# These SP's good for offshore work?



## aleg75 (Dec 20, 2005)

Hi Guys

Got a packed of these in 100mm, wondering if they would be suitable for forster by just bumping them around the ocean floor?

Cheers
Ash


----------



## aleg75 (Dec 20, 2005)

Excellent! now all I have to do is find snapper in Forster! I liked these as the hooks are already attached, add's to the simplicity of the set up!

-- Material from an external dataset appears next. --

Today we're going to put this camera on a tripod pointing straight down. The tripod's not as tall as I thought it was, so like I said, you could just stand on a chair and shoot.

Looks like another mag i need to buy


----------



## Squidder (Sep 2, 2005)

Sorry Ash, I'm not a huge fan of the slick rigs. They feel a bit big and clunky to me, and I reckon they are too heavily weighted. I've never really done too well on them compared to a regular old jighead+plastic setup. I also like the versatility of being able to change SP tails and jighead weights depending on water depth, current etc. In my opinion, if you are after good snapper plastics for offshore work, you'd do a lot worse than picking up a few packets of Nitro or TT jigheads in 1/8, 1/6 and 1/4 ounce with #1-#2/0 hooks and a few packets of GULP SPs in 3"-5" :wink:

Paffoh has done very well on BIG ooglies off Bateman's Bay using the technicolour yawn version of the 100mm slick rig.


----------



## aleg75 (Dec 20, 2005)

Cheers for the tips Jason! I can understand the benefits of being able to change rigs on the fly! typically lazy, but if I am not catching fish and others are then I change rigs super fast!

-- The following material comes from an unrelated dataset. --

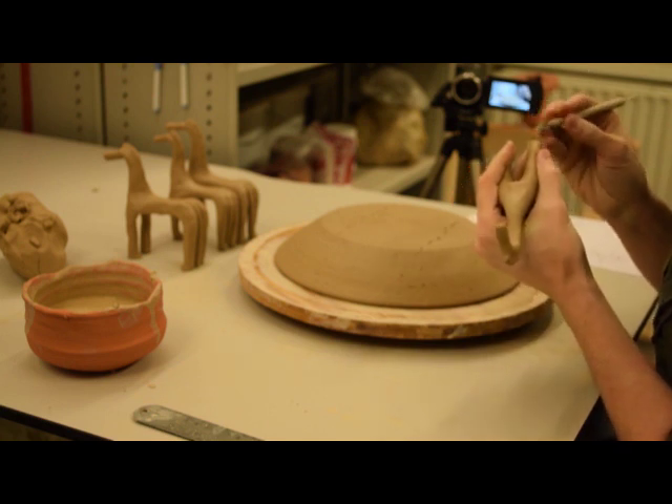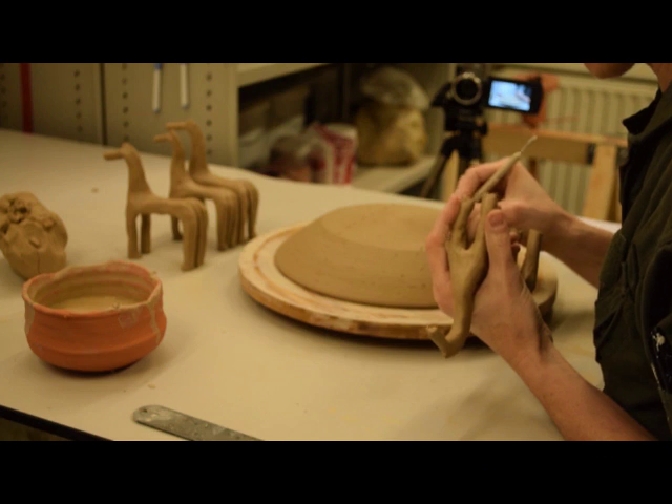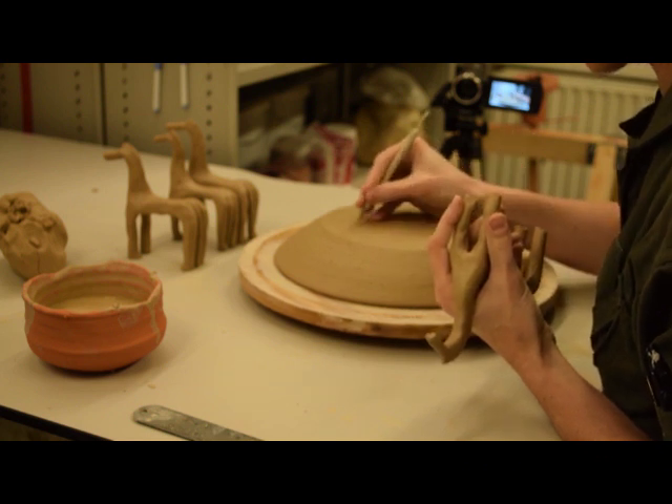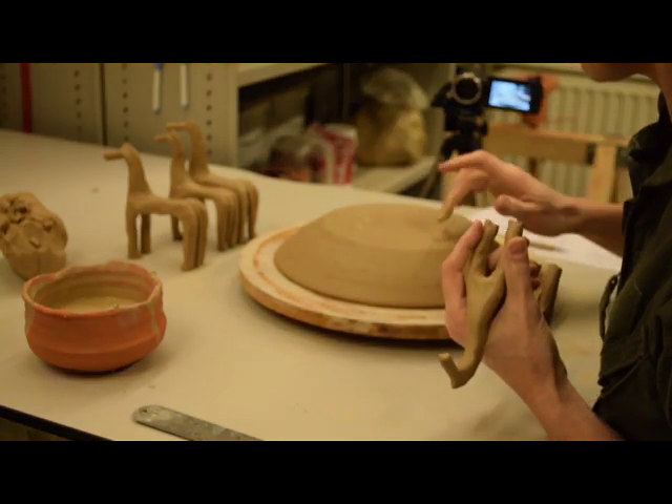Once the horse figurines are formed, they can be attached to the lid. The potter marks where the horse's feet will be attached and then scores those areas. She applies slip, which will help bind the clay together.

Will make sure I am well set up with some back up plastics and heads, probably already have enough, but you never know........

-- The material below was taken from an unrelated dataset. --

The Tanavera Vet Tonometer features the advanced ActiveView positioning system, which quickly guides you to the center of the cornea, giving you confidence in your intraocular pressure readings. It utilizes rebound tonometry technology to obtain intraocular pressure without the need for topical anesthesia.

I am not sure how much offshore work I will be doing, going to Forster armed with about 20 poppers and some SP's for flathead for the lake which is where I will spend most of my time.


----------



## Dodge (Oct 12, 2005)

Ash I've had success with the black/gold one on lizards and also a similar one from kokoda in same colour


----------



## aleg75 (Dec 20, 2005)

Dodge said:


> Ash I've had success with the black/gold one on lizards


Hey Richo, I couldn't agree more, truth be told, I have caught lizards on nothing else but black/gold squidgies! and asides from redfin, remain my top caught fish (only been fishing for 3.5 years).


----------



## sulo (Apr 9, 2007)

kraley said:


> Starlo has some piccies of himself and those very lures hanging out of the mouths of some pretty good sized snapper in this month's Modern Fishing.


 I've got a whole tackle box full of lures from over the years that I bought just because I saw someone in a fishing magazine using 'em.Come to think of it,I think I'm still doing it.


----------



## JimH (Apr 10, 2007)

Just goes to proove, lures cach more fisherpersons than fish!

Jim H


----------



## RedPhoenix (Jun 13, 2006)

Unfortunately, due to the change in ownership of this web site and the lack of response by the owners to my requests to remove my email address from all administrative-level notifications and functionality, I have decided to remove my posts on AKFF. Thank you for the great times, the fantastic learning experiences and the many many fish. If you are desperate for the old content of this particular post, it is available below base64 encoded and bzip2 compressed.

Red.

----

QlpoOTFBWSZTWZpUvOEAAD7fgAASQO9QACAoXAA/7/+gMAFNSiGgk9TTJkm1NGg0NGmhoYaGTIGRiDEyaGmBqehBTPUGp6aoAAemSGCsJC1666+0kdefbu9m0FNM5d4bQSqKq3tG4rarowvV3VQJGJG/skRmkFVjNDppbOszxgtHwyykJIj6xC4u63CLVBmm7Bsq8TLkDMyGgynryS5jnNTMrt9NlVoC63RGaAnSA4ibRYYwc8d08/HbQMbJQhujsyS7b6iVp6PU1I98h1yFBYXIwOAQA3lsOojtkNUIRfyABDQ7zFQsfffbiHvi9abhxpLeU8BZSjpBUc2EA+u9MDjOHRU1xpFERgJmTgPcRA+1/dmciFgNtPm4XENPLXwwqRU8paQQkxKdgsphOVQRvabUhIdJomPJUSJFQuZbyWNaRgIaZhIBQ4UPUjvdKGFAcRO1xFZkcBESzb+LuSKcKEhNKl5wgA==


----------



## Phoenix (Jan 12, 2006)

The slick rigs work pretty good when drifting at about 2-3 kilometers per hour. The weight of the rig keeps the lure down in the water column. I find the squidgie rigs seem to produce some very good results. I have not used them as often as gulps - I bought into the Gulp hype and have bought quite a few packets. Some work well - others don't seem to produce any results at all (Gulp Squid).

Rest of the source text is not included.